Is anything that one uses as an analogy that you disagree to as applicable to your proposal considered a "strawman"?
Fallacies are conditioned. I was NOT setting up your argument FALSELY or with deception. If you disagree, you need to express HOW you believe I was making some deceptive and deliberate distortion that is not related to your argument.
Your own linked discussion may be interesting to read but is irrelevant itself and misses the point of my use of the argument.
In a reduced expression of my OPINION without argument is that you are 'transferring' a non-moral related idea into a moral one.
The relevance of using St Anselm's argument was to show how he DID make a proper argument technically but defined GOD is identical to what we might call TOTALITY, a non-religious idea. It IS true that many interpret Totality == God, and is something I DO believe was originally how religion actually started from rational secular questions about reality. But the "transference" from Totality, as a secular concept into the same label that is applied to a SPECIFIC religious being, is what I was drawing a comparison to in order to help you understand what I mean by TRANSFERENCE. I did not set this up to ridicule your belief as 'religious' but used what was thought to be a SOUND argument that Anselm used that was logical but NOT sound for falsely linking an essential minimal element of 'God' to a label that has OTHER intents.

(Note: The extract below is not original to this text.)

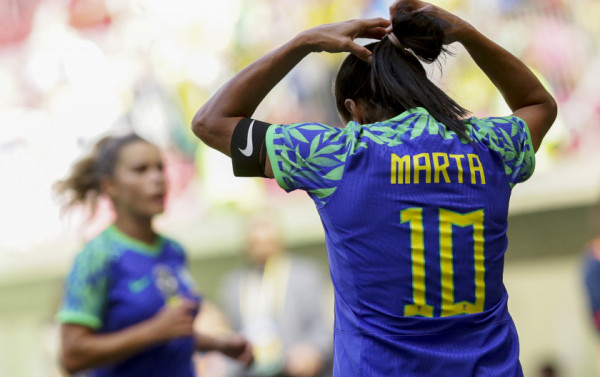 Itamaraty e Minist&eacute;rio do Esporte reeditam parceria para promover Copa do Mundo feminina no Brasil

It is begging that religious people use the term God to mean "All that can be conceived (infinitely)". If we ACCEPT this convention, then it makes it inappropriately easier for the religious person to falsely get you to agree that this meaning exist and voila,....so the religious idea of God is real!
You are begging that SOMETHING on the neurological level exists that you BEG is some type of
moral element or
moral source. I expressed that "morality" is a convention between at least two people. But you want me to accept that since we can create the idea of 'morality' and since WE are dependent upon our thoughts due to neurons, then if you can beg we label some phenomena on the level of neurons as "moral" by some means, then we'd have to accept that if the phenomena is real, the label YOU assign to it is TRANSERABLE to the different meaning of 'preferential behavior between people'.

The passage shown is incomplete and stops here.